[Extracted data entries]
Segment Open

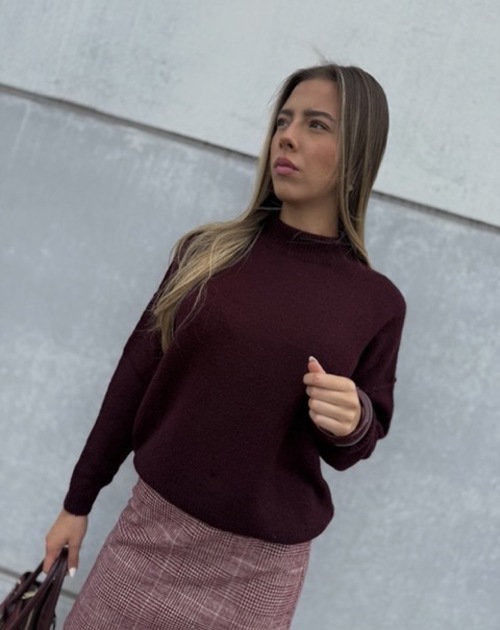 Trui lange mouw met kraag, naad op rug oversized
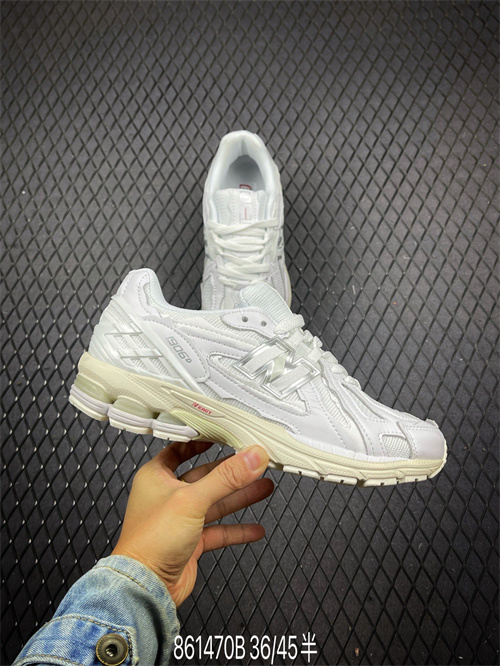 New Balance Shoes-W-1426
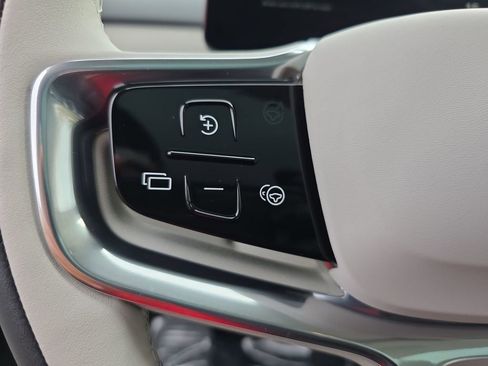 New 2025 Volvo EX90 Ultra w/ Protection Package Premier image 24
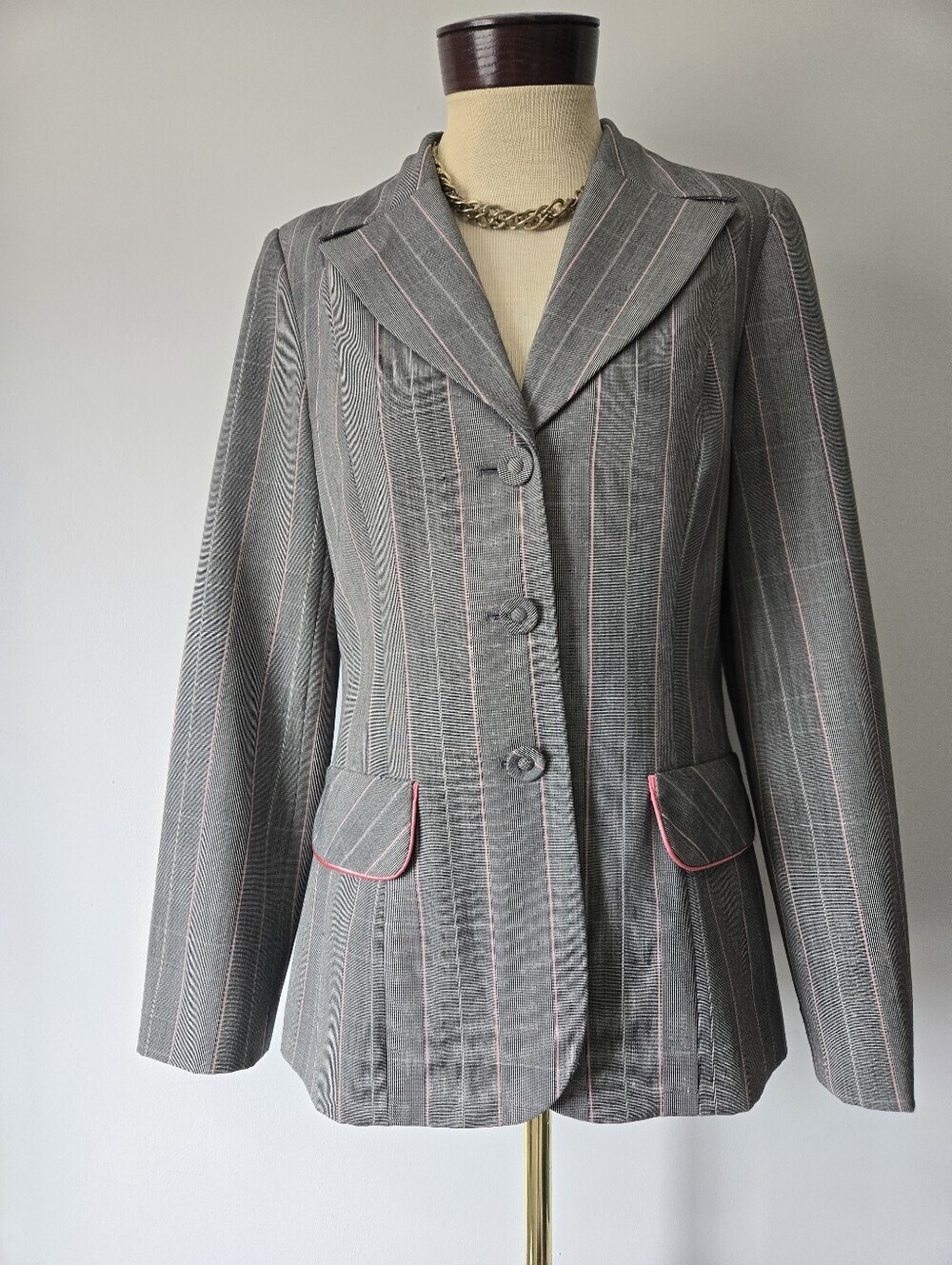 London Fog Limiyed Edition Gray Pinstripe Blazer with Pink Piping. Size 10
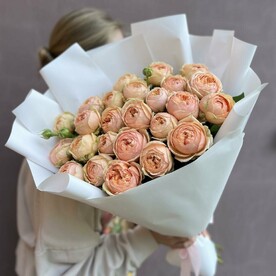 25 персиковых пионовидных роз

Segment Closed

Aim of the task: Give every entry back unchanged, with no pictures.

Output for this exercise:
 Trui lange mouw met kraag, naad op rug oversized
 New Balance Shoes-W-1426
 New 2025 Volvo EX90 Ultra w/ Protection Package Premier image 24
 London Fog Limiyed Edition Gray Pinstripe Blazer with Pink Piping. Size 10
 25 персиковых пионовидных роз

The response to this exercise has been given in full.